[[ SUPPLIED DATA, beginning ]]

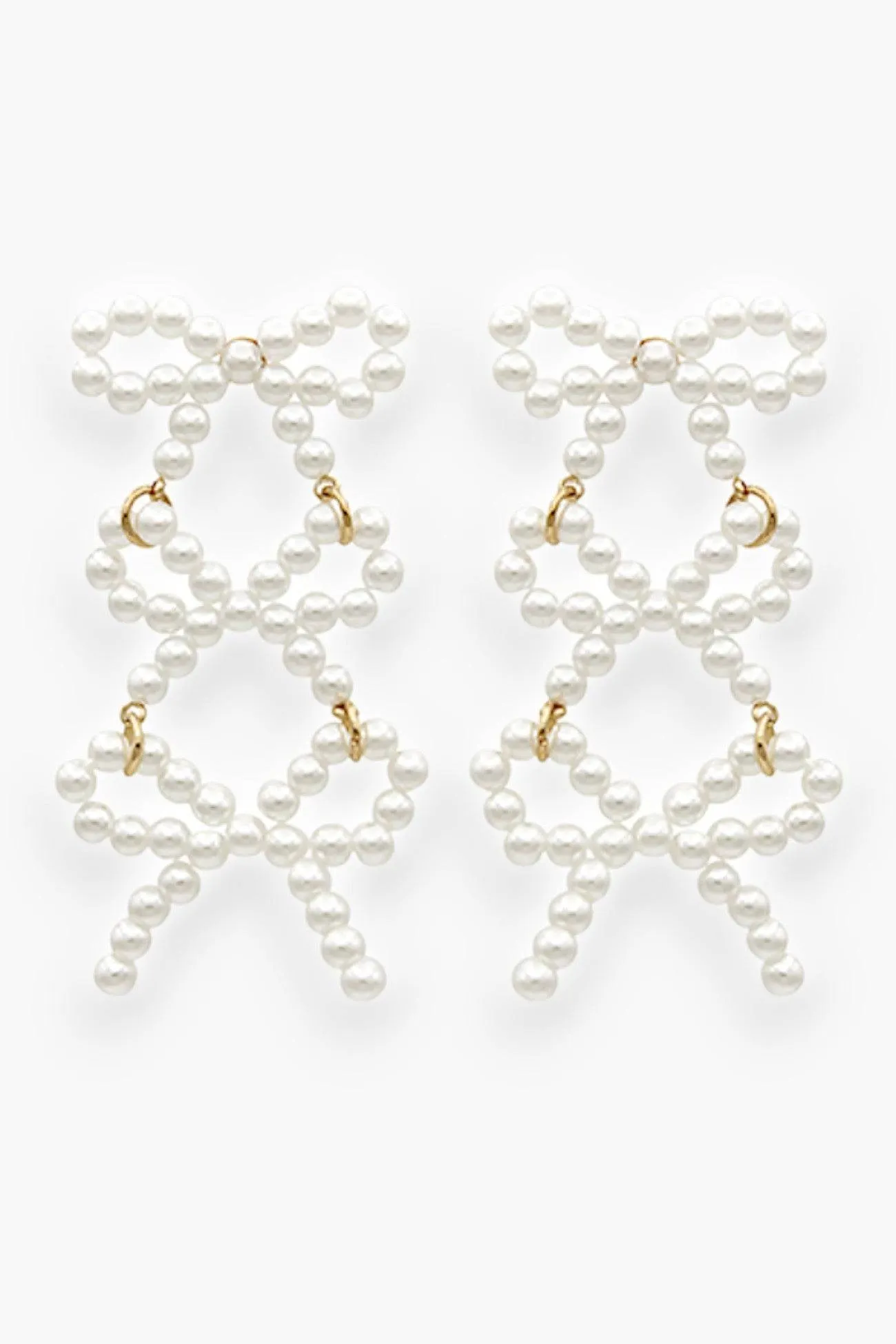 Pearl Bow Design Earrings
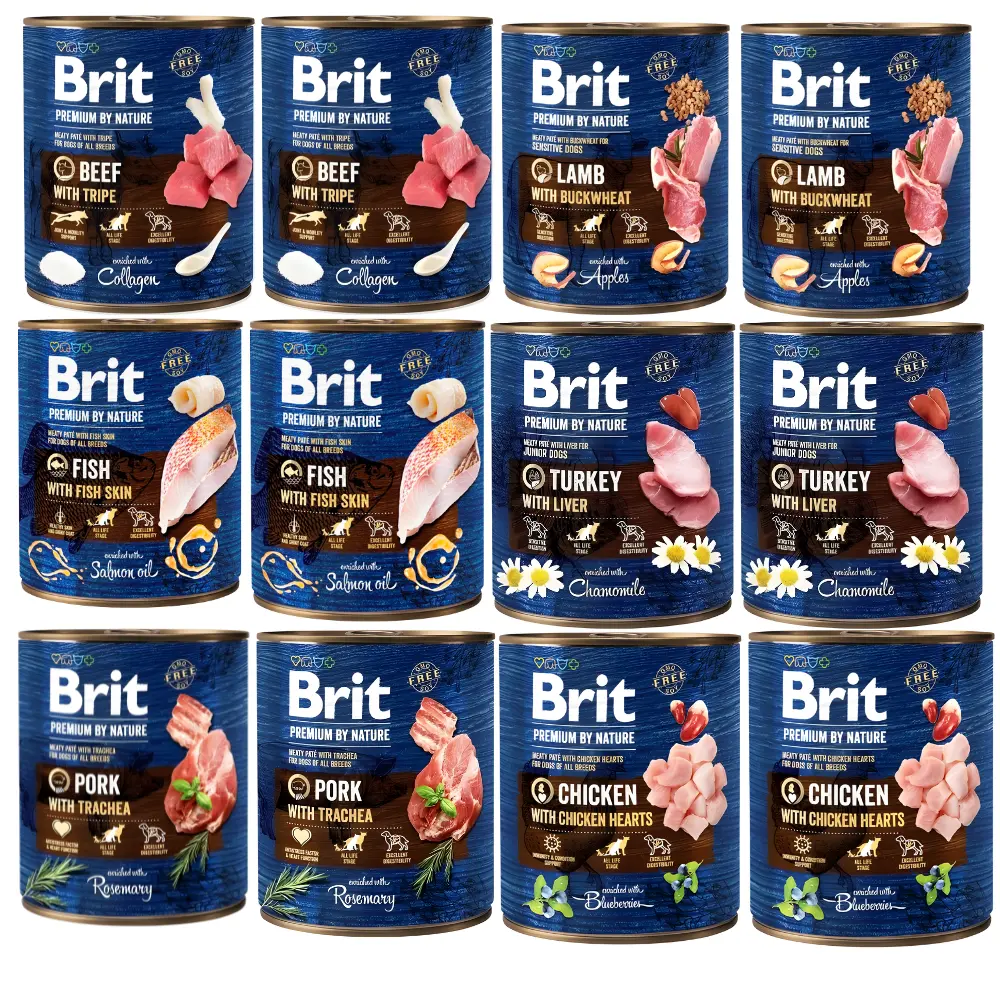 Brit By Nature indyk, jagnięcina, kurczak, ryba, wieprzowina, wołowina adult 800 g × 12
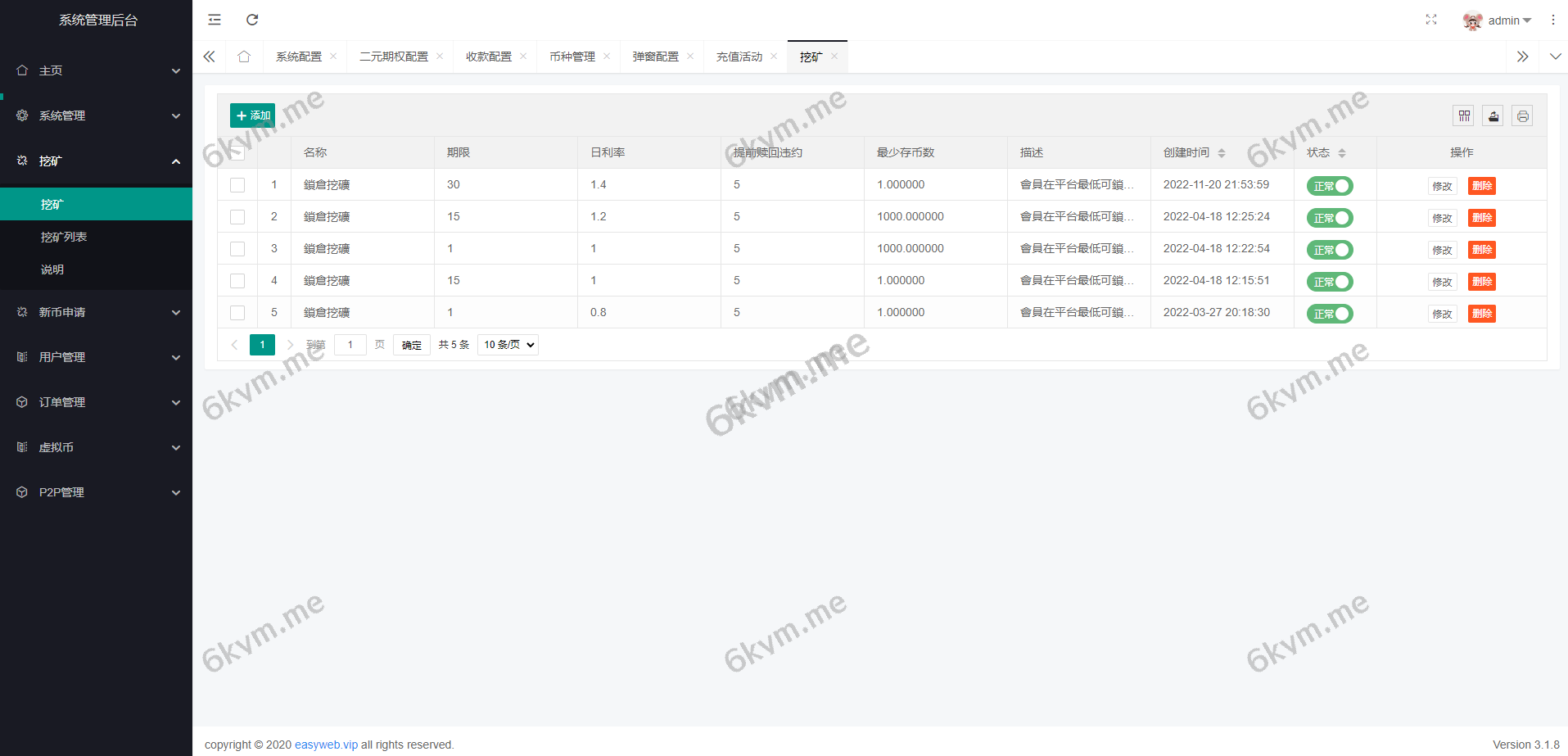 新版多语言交易所系统/秒合约币币交易/P2P理财派单抢单
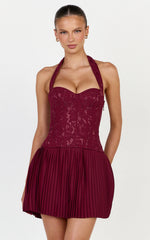 Malia Mini Dress - Lace Corset Bodice Pleated Skirt Halter Dress in Wine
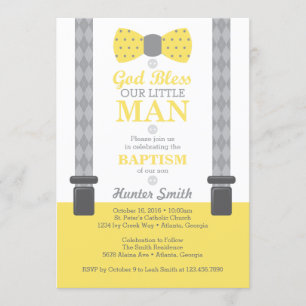 Little Man Baptism Invitation, Yellow, Gray Invitation
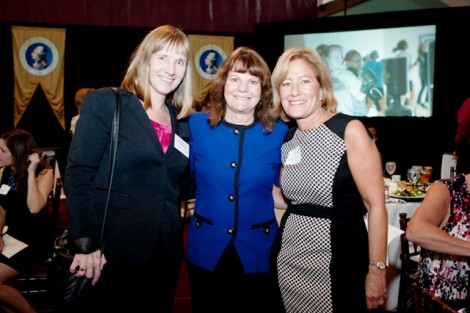 President Alison Byerly with Marie Enea, assistant to the president, and Trustee Barbara Levy ’77 during the inauguration luncheon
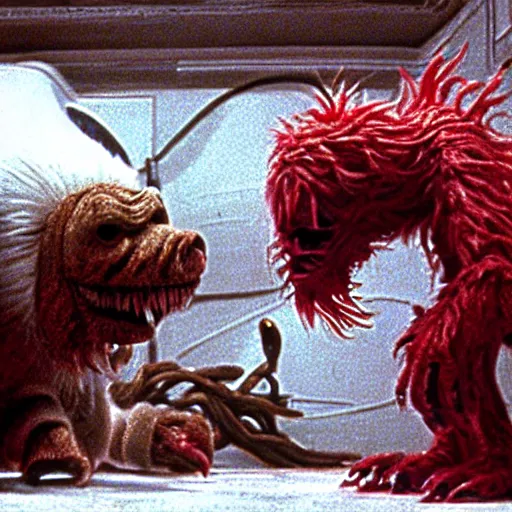 Image similar to a hyper detailed filmic realistic atmospheric wide shot 35mm film photograph of a creature transformation scene from The Thing 1982 in the style of a John Carpenter horror movie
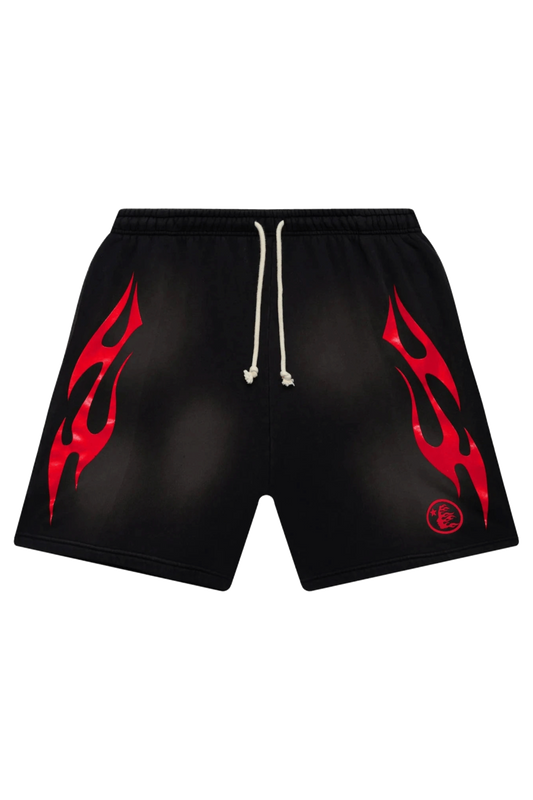 Hellstar Flame Shorts Black/Red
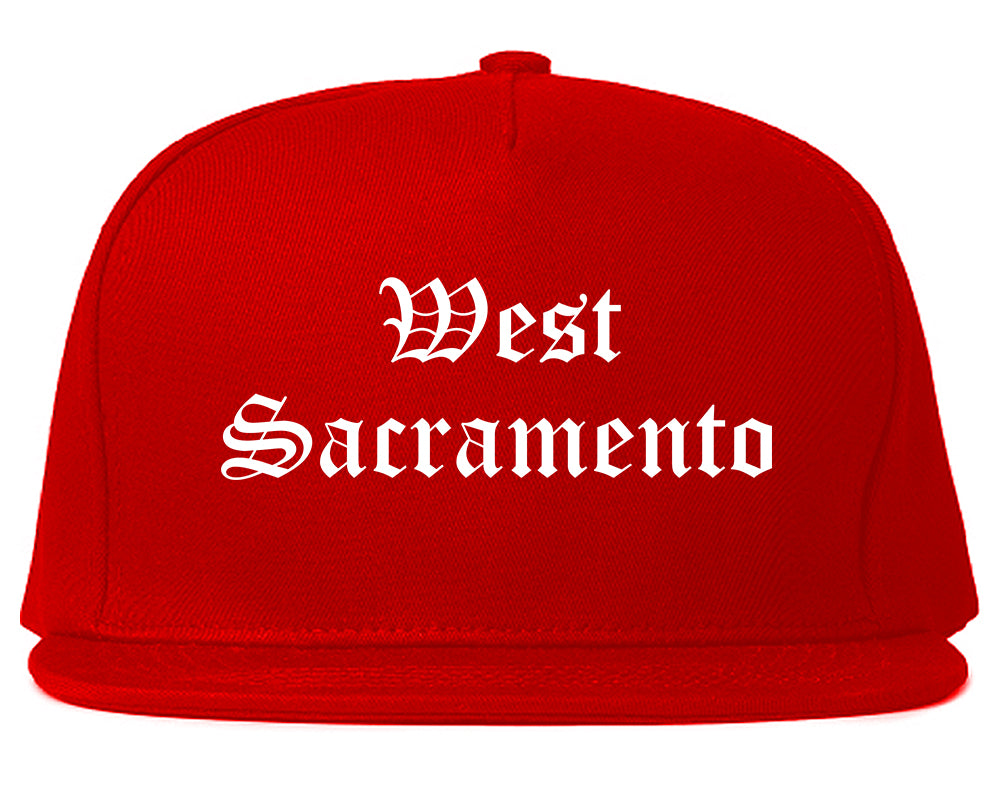 West Sacramento California CA Old English Mens Snapback Hat Red
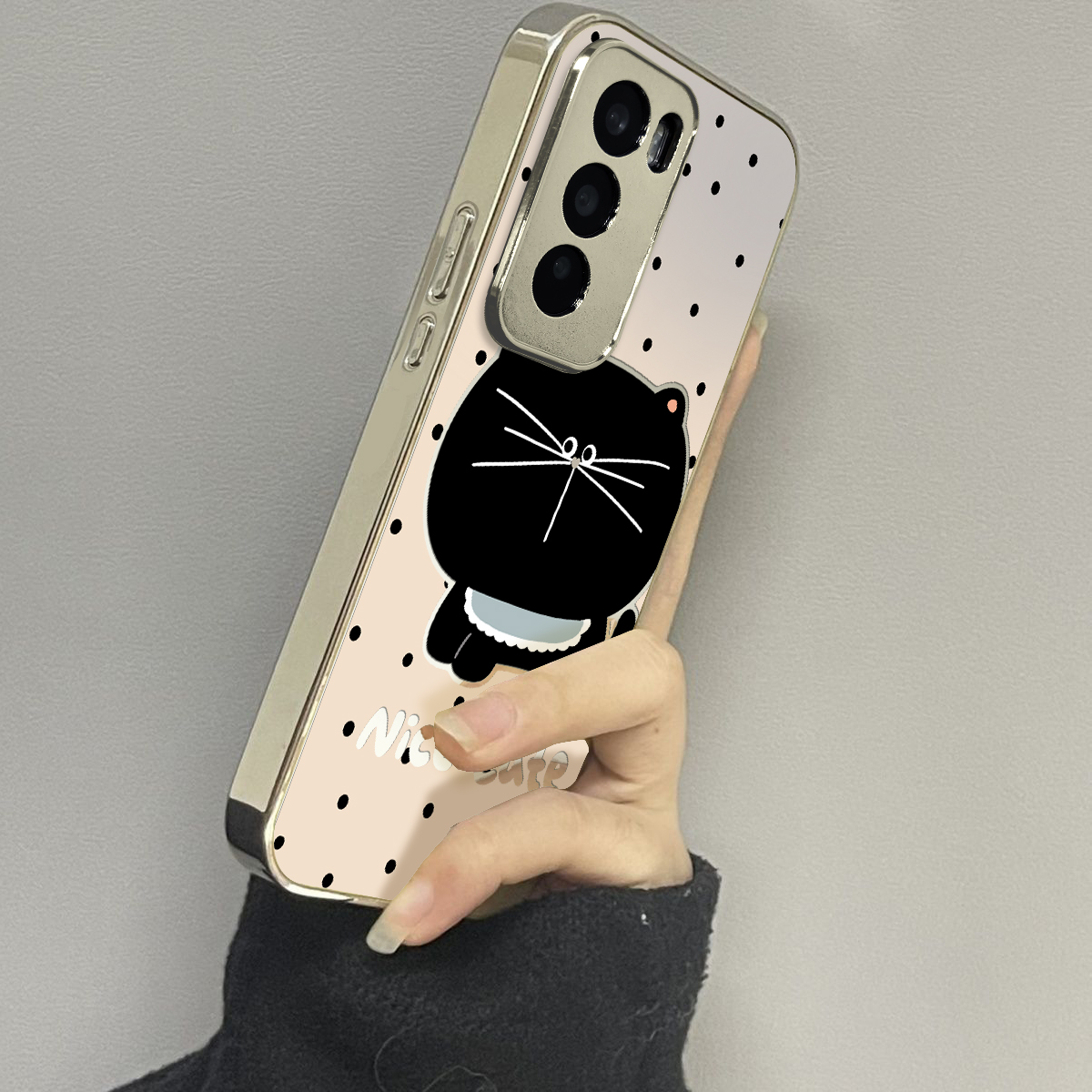 适用于OPPOReno12Pro手机壳镜面波点黑猫高级感5/6/7外硅胶全包防摔reno8/9pro十网红新款女潮牌Reno10/11套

[[ SUPPLIED DATA, end ]]

◆ TASK: Write the entries out in full and exactly, omitting every picture.

◆ ANSWER BELOW:
 Pearl Bow Design Earrings
 Brit By Nature indyk, jagnięcina, kurczak, ryba, wieprzowina, wołowina adult 800 g × 12
 新版多语言交易所系统/秒合约币币交易/P2P理财派单抢单
 Malia Mini Dress - Lace Corset Bodice Pleated Skirt Halter Dress in Wine
 Little Man Baptism Invitation, Yellow, Gray Invitation
 President Alison Byerly with Marie Enea, assistant to the president, and Trustee Barbara Levy ’77 during the inauguration luncheon
 Image similar to a hyper detailed filmic realistic atmospheric wide shot 35mm film photograph of a creature transformation scene from The Thing 1982 in the style of a John Carpenter horror movie
 Hellstar Flame Shorts Black/Red
 West Sacramento California CA Old English Mens Snapback Hat Red
 适用于OPPOReno12Pro手机壳镜面波点黑猫高级感5/6/7外硅胶全包防摔reno8/9pro十网红新款女潮牌Reno10/11套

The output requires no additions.